The instruction to the jury which the defendant requested, is open to the criticism that it does not state of what date the jury should consider said net result of pecuniary benefit as accruing to the parents, for the purpose of ascertaining its present value. We are of the opinion however that, in such a case as this, any strict instruction to the jury to find the present value of the different items of damage arising from the child's death, which would involve the use of annuity tables and mathematical calculations, would only tend to further complicate what from its nature must always be a most difficult problem hardly admitting of an exactly correct solution.

In an action to recover for the loss arising from the death of an adult, we have seen that it is often a difficult and complicated problem to find the present value of what would have been the pecuniary benefit of said adult's life to his family if his life had continued. To ascertain the present value of the prospective pecuniary benefit to his parents of the life of a young child until said child reaches majority, is a problem many times more difficult and complicated. In the case of adults the earning capacity is generally fairly uniform over considerable periods of life, the same is also true of the adults' expenses; for quite extended periods the benefit to his family has some resemblance to an annuity. In the case of a young child the court has pointed out in the *299 Schnable case that the prospective pecuniary value to his parents of such child's services is problematical if not speculative. Such services, if they ever arise, probably will constantly be changing in value. It would not be expedient to instruct the jury that when they have fixed upon the prospective values of said services for the different periods until the child would have reached majority, they should then enter upon the calculation of what should be deducted from each item because of present payment. It would be enough to call it to the jury's attention that they are making an award to be paid at the present time for a loss of services which may arise in the future and that that fact should be taken into account in fixing the amount of such award.
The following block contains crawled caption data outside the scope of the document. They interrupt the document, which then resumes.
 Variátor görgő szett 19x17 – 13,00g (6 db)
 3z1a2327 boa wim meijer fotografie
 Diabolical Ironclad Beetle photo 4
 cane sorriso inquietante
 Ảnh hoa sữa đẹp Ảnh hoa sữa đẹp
In the Schnable case, the court laid down a rule for computing damages in cases like that at bar, which rule has since been followed in this State. We see no sufficient reason for changing it at this time. We find no merit in the other exceptions of the defendant.
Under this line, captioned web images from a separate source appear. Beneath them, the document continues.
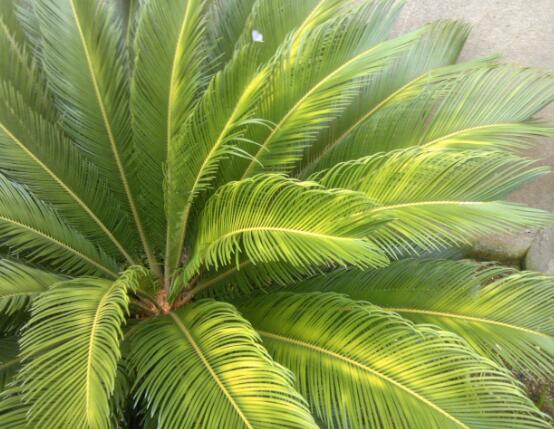 导致铁树叶子发黄的原因怎么补救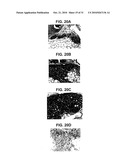 FABRICATION OF VASCULARIZED TISSUE USING MICROFABRICATED TWO-DIMENSIONAL MOLDS diagram and image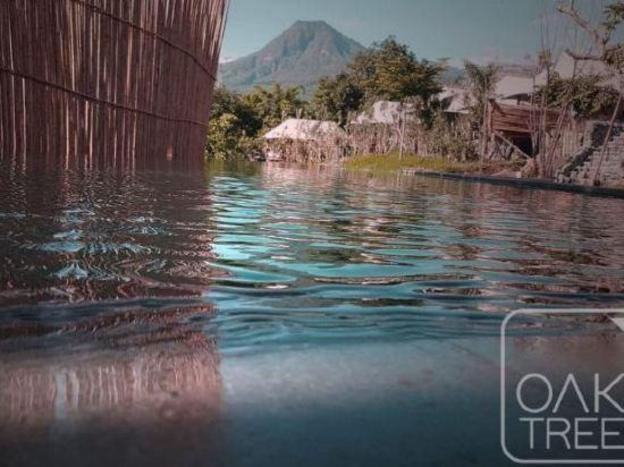 oak tree glamping resort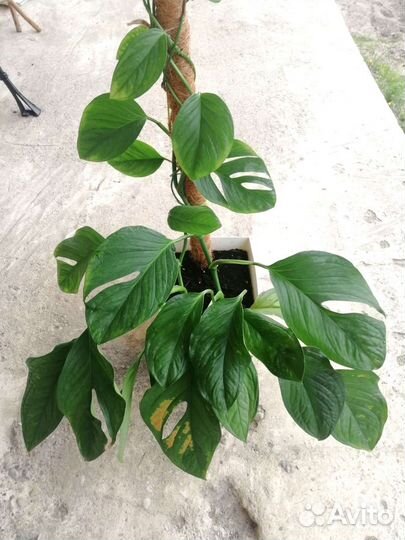 Монстера Пиннатипартита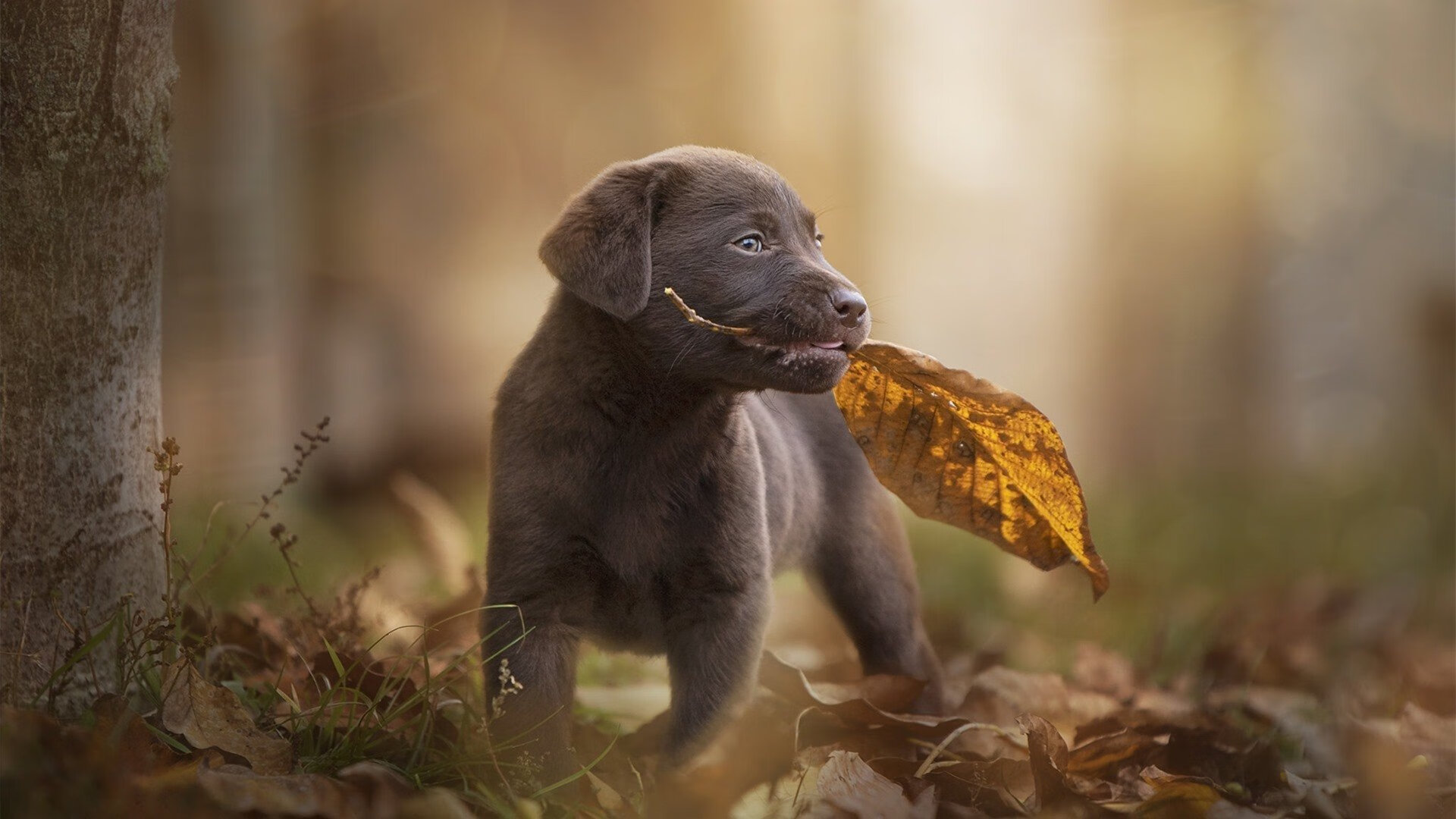 开云app-男篮外线命中率显著提升战术体系日趋成熟高效，男篮内线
The plaintiffs excepted to the decision of said justice granting a new trial unless they remitted all of said verdict in excess of thirteen hundred dollars. In Schnable v. PublicMarket, supra, the court held that the question of damages, in such a case as this, is one peculiarly within the province of a jury to determine and said: "It follows, therefore, that, unless it be made to appear in a given case that the jury were influenced by passion, prejudice, or some improper motive, or that they failed to be governed by the law and the evidence in the case, their finding upon the question of damages will not be disturbed." That language is applicable to the case at bar. The only evidence upon the question of the prospective earning power of the child and the prospective cost of maintaining her, was contained in the testimony of the father of the child. It appears that the jury were not entirely governed by the father's testimony; for the amount of their verdict is less than the result of the father's computation. Said justice in his decision *300 says that he regards the father's estimate of the cost of keeping a daughter too low; and although there is no evidence in its support he sets out a schedule of what in his opinion would be conservative estimates of the cost of supporting a child during the different periods until its majority, in a family of the plaintiffs' financial condition. His estimate is different from that of the father and apparently different from that of the jury. It may or may not be more correct than either. It has, however, no warrant in the evidence. The justice does not suggest in his decision that in his opinion the jury were influenced by any improper motives. It appears simply that he would have arrived at a different conclusion from that of the jury. We are forced to hold that we find nothing in the evidence or in said decision which would justify us in accepting the estimate of the judge rather than that of the jury upon this question which is so clearly within the jury's province to determine.

The exceptions of the defendant are all overruled. The exception of the plaintiffs is sustained.

The case is remitted to the Superior Court with direction to enter judgment upon the verdict.